Abou Salah Al Soury: Affordable Take Out in Zamalek
It’s not always about lavish eating and spending in Cairo, sometimes, it’s just a matter of getting through the day. When considering affordable restaurants in Zamalek, not a whole lot comes to mind, mostly because rent in busy areas like Zamalek is extremely high, restaurants are forced to charge higher prices.
We were particularly pleased with restaurants like Sandwich solely because of its 5LE menu, but another gem of Zamalek is a small kitchen called Abou Salah Al Soury, where the most expensive item on the menu costs 30LE.
To get a true sense of the menu, we decided to order a mixture of meals with rice and sandwiches.

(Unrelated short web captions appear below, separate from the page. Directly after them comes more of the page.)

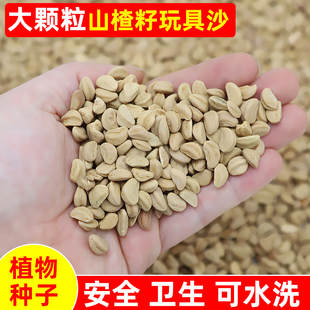 宝宝家用枕头室内沙滩玩具沙子 山楂籽玩具沙儿童沙子玩具沙池套装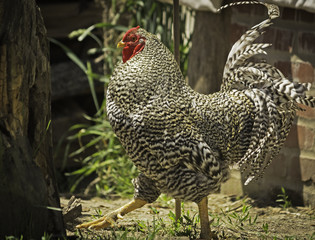 Farm Rooster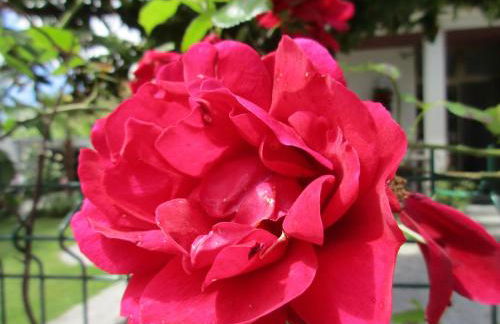 CASA ROMAN ITALIA, Center Sacile - Foto 46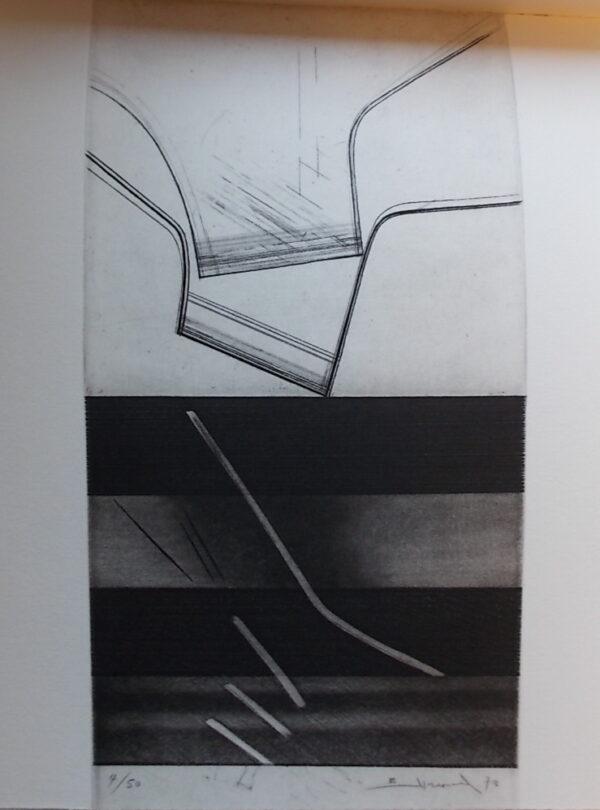 FEYDER (Vera) Passionnaire. Sans lieu, Editions Numaga, 1974. – Image 5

We opted for an Olives, Labneh and Zaatar (5LE) Saj sandwich, a Just Burger (8LE) sandwich and an Abou Salah Plate with Shawerma (23LE).
The food arrived after about 40 minutes packaged neatly. The Saj sandwiches were wrapped in foil and labelled, while the meal arrived in a covered and wrapped foil plate.
While normally ingredients that work very well together, the Labneh sandwich was unfortunately a little bland. There was no flavour running from the olives, and the discerning glue that ties a sandwich like this together – olive oil – was missing.
The Just Burger, on the other hand, was surprisingly tasty. Made with ketchup, mayonnaise, some lettuce and wrapped in saj bread, the Just Burger, at its price point, is a definite win.
The Abou Salah plate consisted of yellow basmati rice topped with meat shawerma and tehina, it also comes with sides of seasoned French fries, one cheese sambousak, one Kobeba and two vine leaves.
A fairly generous portion, the rice was well seasoned and created a good mixture with the tehina and shawerma, although we would’ve appreciated additions like fried bread croutons to give the dish a little crunch.
The fries, seasoned pretty strongly, were unfortunately a little soggy but nevertheless created an interesting flavour when dipped in garlic – which was surprisingly better than most. The kobeba, although relatively small, packed a lot flavour – probably a good sandwich idea. The sambousak, while packing a slight crunch, didn’t impress, but didn’t disappoint either. The vine leaves tasted just a little too sour, but not unpleasant.
Overall, it’s a buck for bang deal, the food is not incredible, but at the same time it’s not a miserable use of cheap ingredients. Considering the lack of affordable food options on the island, small take out kitchens like Abou Salah are becoming increasingly needed.